BABAD.ID | Stori Loka Jawa - Kisah tentang perebutan kekuasaan di Jawa era Kartasura selalu menyajikan drama politik yang brutal dan ekspansi wilayah yang berdarah. Di tengah gejolak pemberontakan yang dipimpin oleh faksi Pangeran Purbaya dan Sultan Balitar, muncul figur-figur kunci seperti Dipati Natapura, Demang Kartayuda, dan Panembahan Herucakra yang berusaha mengukir kedaulatan di wilayah timur, termasuk Magetan, Madiun, dan Panaraga. Ekspansi ini tidak hanya memperluas peta konflik tetapi juga menunjukkan ketangguhan pasukan pemberontak yang dipersenjatai dengan semangat perlawanan.

Perluasan ini terjadi sebagai balasan atas kekalahan beruntun yang diderita oleh pihak Kartasura. Bahkan, salah satu kekalahan awal yang signifikan dicatat ketika pasukan Kartasura yang dipimpin Ki Natayuda harus mundur setelah menderita luka pada paha kirinya saat bertempur di Keduwang. Pangeran Amangkurat Mas (dikenal sebagai Sunan Kendhang) juga sempat mengungsi ke Keduwang bersama bala tentaranya.

Penyerbuan Kartayuda ke Mancanegara (Magetan, Panaraga, Kediri)

Pada masa genting tersebut, front timur dikuasai oleh faksi Surengkewuh (Surabaya), yang dimotori oleh Adipati Jayapuspita dan adiknya, Panji Kartayuda. Panji Kartayuda, bersama pasukannya, menerima perintah untuk menyerang mancanegara Kartasura.

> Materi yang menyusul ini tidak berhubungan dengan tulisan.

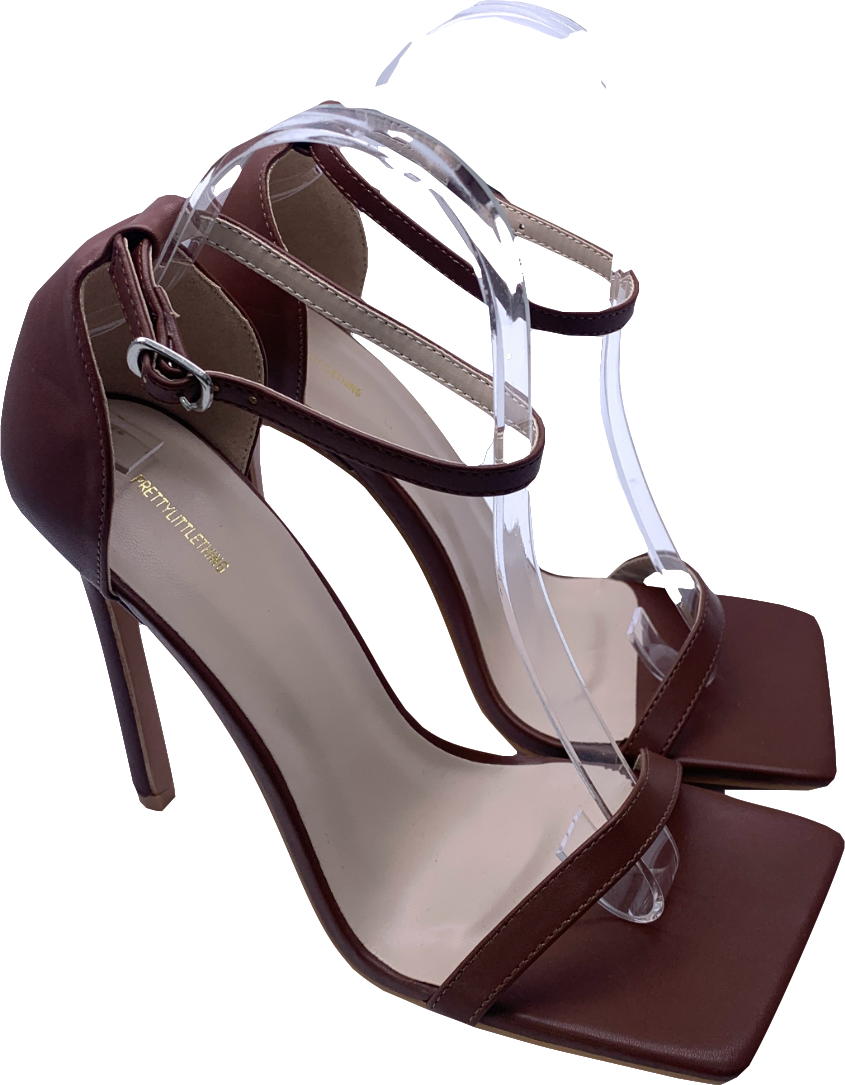 PrettyLittleThing Brown Square Toe Sandals UK 6 EU 39 👠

Pasukan Surengkewuh kemudian bergerak cepat menuju wilayah timur, sebuah strategi yang bertujuan melemahkan fondasi ekonomi dan militer Kartasura. Serangan gencar Kartayuda mencakup Wirasaba. Bupati Wirasaba yang kalut segera mengungsi dan berkumpul ke negeri Kediri (Daha). Namun, Kediri pun tidak luput dari incaran. Pasukan Panji Kartayuda berhasil mengalahkan prajurit Kediri yang dikenal gigih. Kediri akhirnya jatuh ke tangan Kartayuda.

Adik Kartayuda, Dipati Natapura, turut berperan sentral. Natapura, yang digambarkan sebagai sosok yang "senang berolok-olok (gecul), orangnya lucu sejak kecil", diperintahkan untuk memimpin 700 prajurit pilihan dari Japan untuk menyerang Kartasura. Pasukannya bergerak ke selatan, melewati Picis, dan mendirikan perkemahan di desa Ngaren. Mereka menyerbu daerah-daerah di bang-wetan (pinggiran timur) Kartasura. Natapura memimpin pasukannya dengan semangat balas dendam atas kematian adiknya, Sasranagara.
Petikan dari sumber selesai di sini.